<i>Human rights abuses in Asia come under US fire </i>
The United States ranked North Korea and Myanmar Tuesday among the world's worst violators of human rights and took other Asian countries to task for alleged abuses.
But the State Department's 2007 Human Rights Report dropped China from the category of worst violators -- even while denouncing its poor record -- and noted progress in Thailand's return to democracy following its 2006 coup.
And it hailed multiparty democracies like India and Indonesia for generally respecting citizens' rights, while still pointing out major problems.
"Countries in which power was concentrated in the hands of unaccountable rulers remained the world's most systematic human rights violators," the report said, singling out Myanmar and North Korea for this category -- which also included Zimbabwe, Iran and Cuba.
The North Korean regime of Kim Jong-Il "continued to control almost all aspects of citizens' lives, denying freedom of speech, press, assembly, and association, and restricting freedom of movement and workers' rights," it said.
It cited reports of extrajudicial killings, disappearances and arbitrary detention.
It said Myanmar's "abysmal human rights record" only worsened in the past year.
The military junta "continued to commit extrajudicial killings and was responsible for disappearances, arbitrary and indefinite detentions, rape, and torture."
It shone a spotlight on the crackdown on pro-democracy demonstrators in September when it said security forces killed at least 30 demonstrators and detained over 3,000 others.
The report said human rights in Pakistan worsened last year despite President Pervez Musharraf's repeated pledges to foster democracy in the key US ally.
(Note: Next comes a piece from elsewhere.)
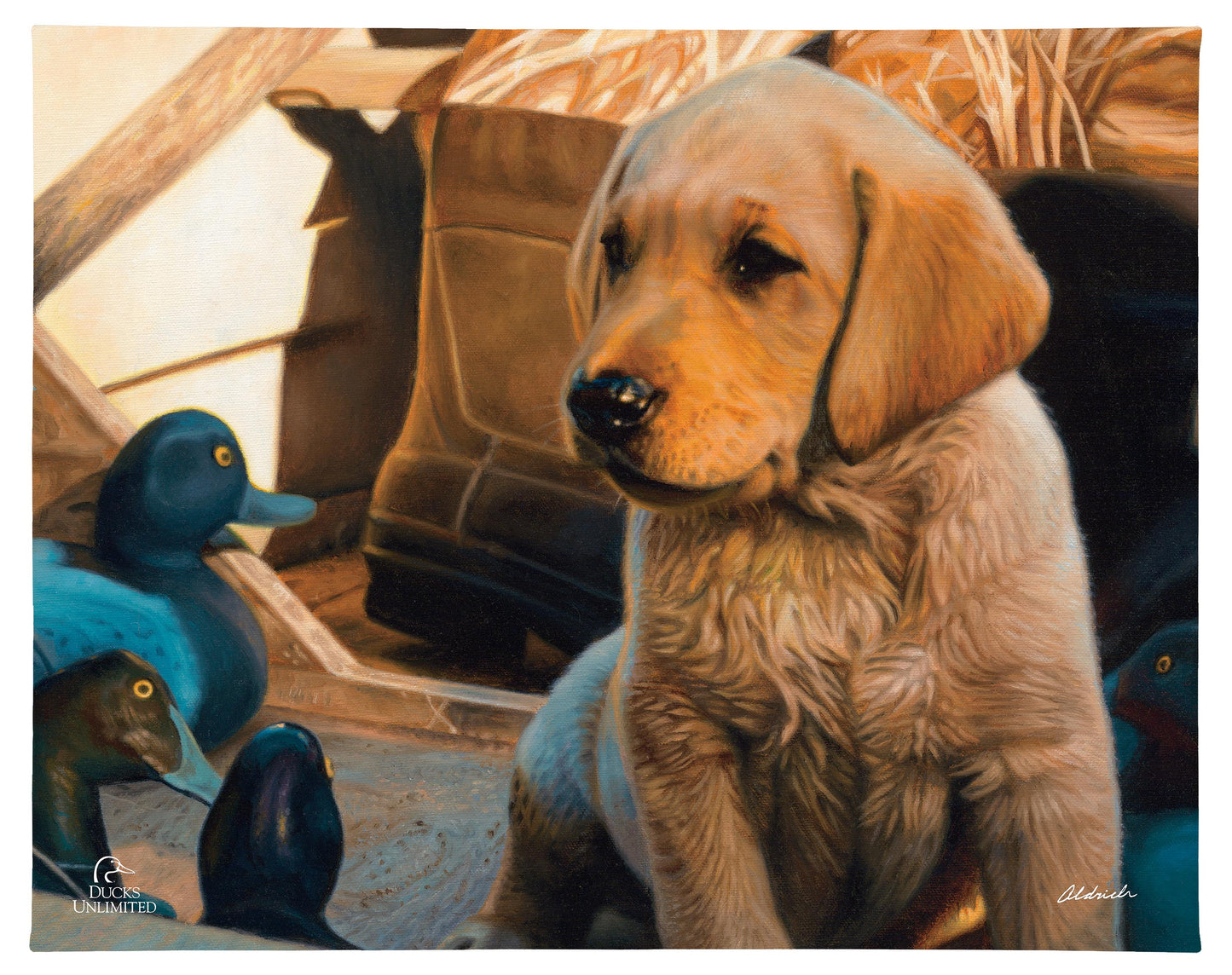 Out Numbered & Surrounded Gallery Wrapped Canvas - Official Ducks Unlimited Art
It highlighted a period of emergency rule late last year.
In Sri Lanka, it said, "the government's respect for human rights continued to decline due in part to the escalation of the armed conflict," with the ethnic Tamil minority the "overwhelming majority of victims" of abuses.
A multiparty democracy that outshone its neighbors, India "generally respected the rights of its citizens," but its record was marred by a number of problems, it said.
It cited major problems like extrajudicial killings of persons in custody, disappearances, and torture and rape by police and other security forces.
The report said the Malaysian government "generally respected the human rights of its citizens."
In Australia, the report mentioned "domestic violence against women and children, particularly in Aboriginal communities, and societal discrimination against Aboriginal people.”